I'm not really convinced they need more sensors. The existing backup camera is a very high quality fisheye - likely very similar to the front fisheye that's in the triple camera packaging. Unfortunately, in the legacy and early AP Model S that camera links by LVDS straight into the center console, for screen display only.

The only change you'd really need for either blind spot warning or autonomous lane changing IMHO is to get an EyeQ3 type chip doing object recognition against the feed from that camera.

At this point, I have no reason to believe that newer cars (X, refreshed S) are any different from the older ones we know about above - but this is something Tesla could change at any time without there being much (any?) visible sign that they changed it unless you take the center console apart.
 
I was playing with the rear view camera (an app on the S) yesterday. Although it is very distracting due to the constant movement on the center screen, the rear view camera does show anything in either blind spot.
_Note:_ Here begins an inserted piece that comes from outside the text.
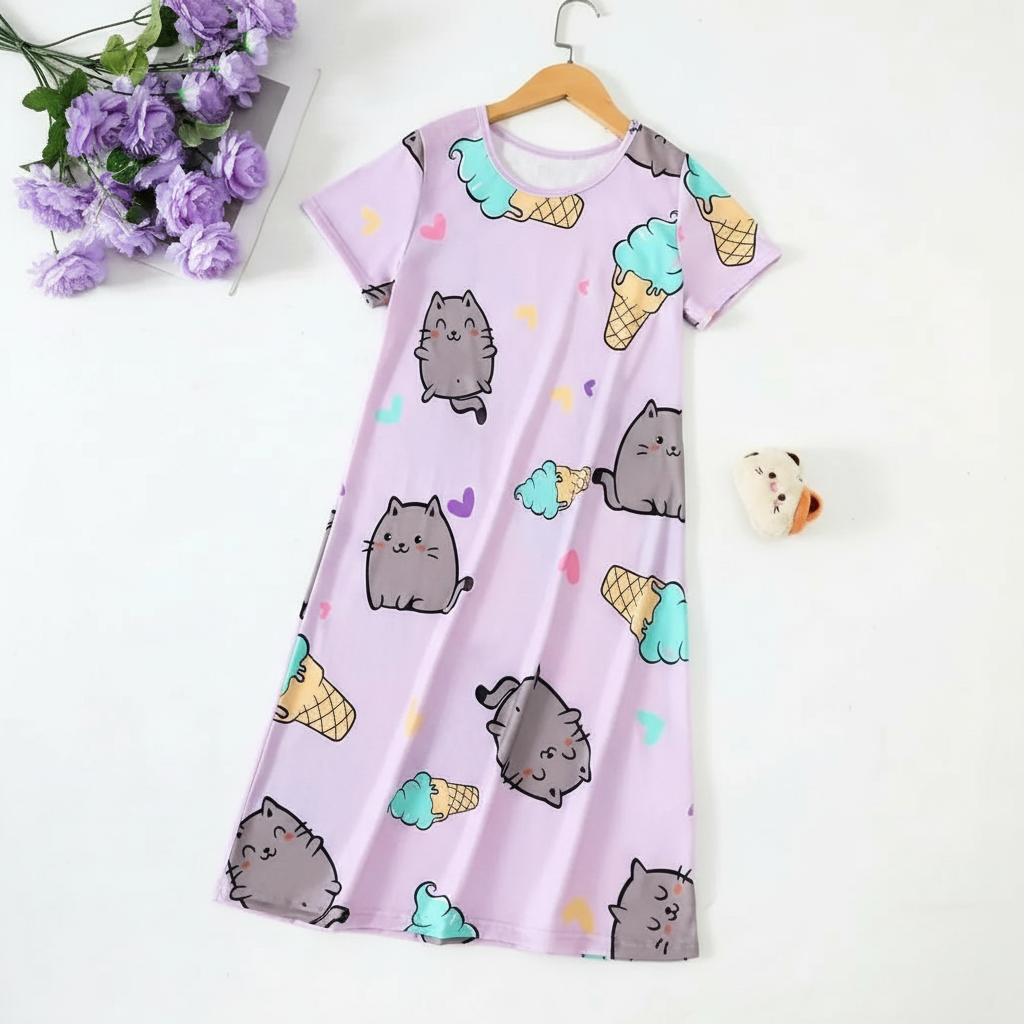 Short Sleeve Cartoon Printed Loose Sleep Dress For Girls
Just thought I would throw that out there....

If there was a setting to invoke the rear camera view when using direction lights that would be a pretty slick option to have.... ??
 
I was playing with the rear view camera (an app on the S) yesterday. Although it is very distracting due to the constant movement on the center screen, the rear view camera does show anything in either blind spot. Just thought I would throw that out there....

If there was a setting to invoke the rear camera view when using direction lights that would be a pretty slick option to have.... ??
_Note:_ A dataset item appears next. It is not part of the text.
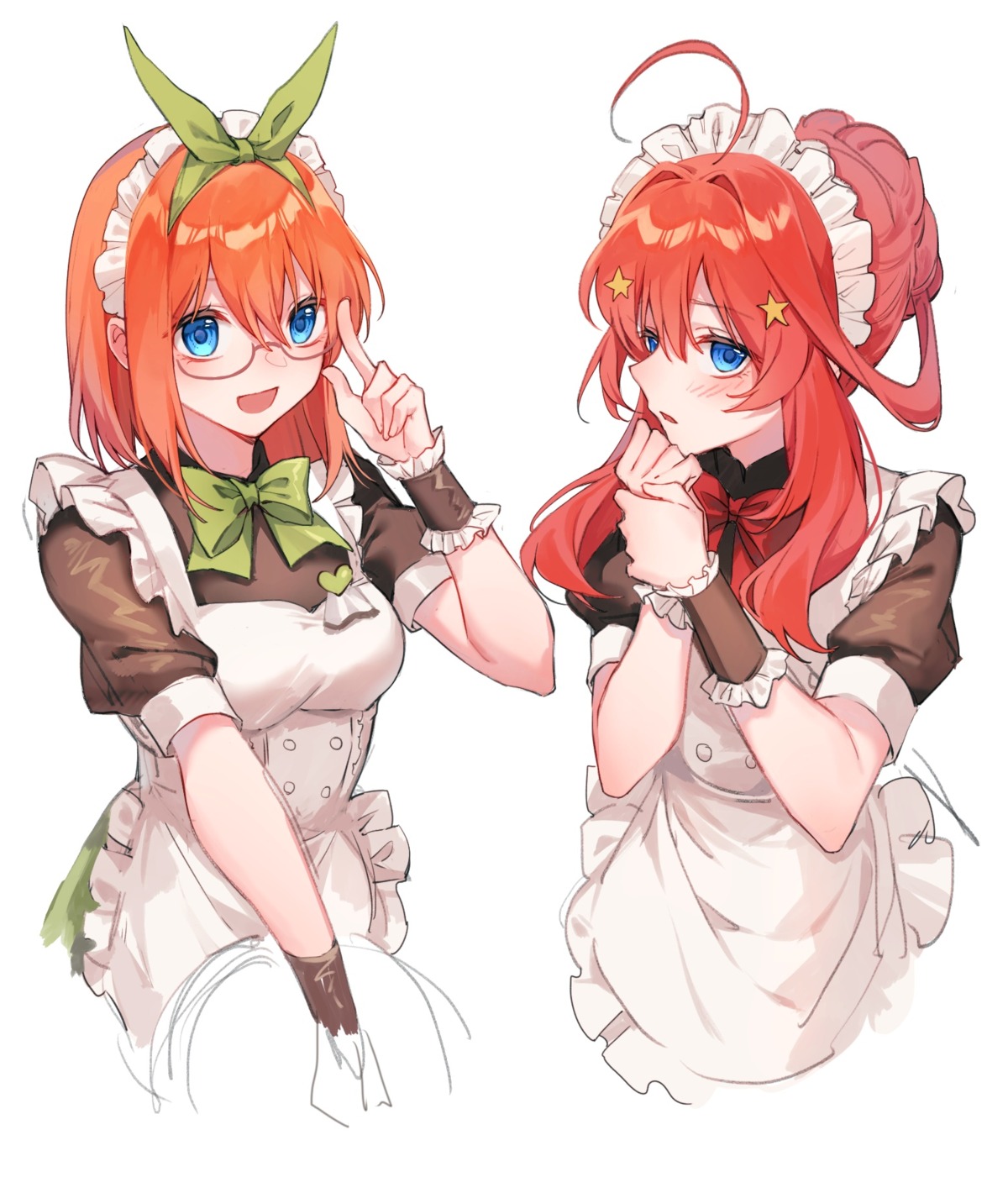 5-toubun_no_hanayome, maid, megane, nakano_itsuki, nakano_yotsuba, sketch, yunweishukuang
I think they could use the video camera to predict where the impinging cars are going until the proximity sensor finds the car. It would have to be predictive if there is a gap between the video sensor and the parking sensor, but car movement can be modeled pretty well to approximate the location or err on the side of warning if you don't know.
 
I believe the AP 2.0 rumors mention a forward dual or triple camera, but the actual 2.0 upgrade will feature additional sensors. The rumors are just incomplete, not necessarily fully accurate.

My guess is there are a couple phases involved. I think there's a mild upgrade coming fairly soon with pretty much just the triple cam (and hopefully the backup camera tied into the system?) - to be followed in a year or two by the full autonomous suite with 360 cameras and such. That's why I've taken to using the AP 1.5 label for the mild upgrade.
 
I saw on here that the Blind Spot Monitor sensors are supposed to see back 16 feet. After much testing, I'm sure that mine doesn't see back at all. It only sees a car as it is already passing my rear quarter panel which is too late. Could my rear sensor be defective?
 
I'm fearful of the 23 people who claim the blindspot monitoring works for them.

I hope they're not next to me on the freeway.

It's like having a backup that only works half the time. I don't know about you, but I don't want a backup that only works half the time.

It does have the advantage of being so bad that you would never ever trust it so it's never going to cause you to become careless. But, if you ever begin to think it works it's going to come back to bite you.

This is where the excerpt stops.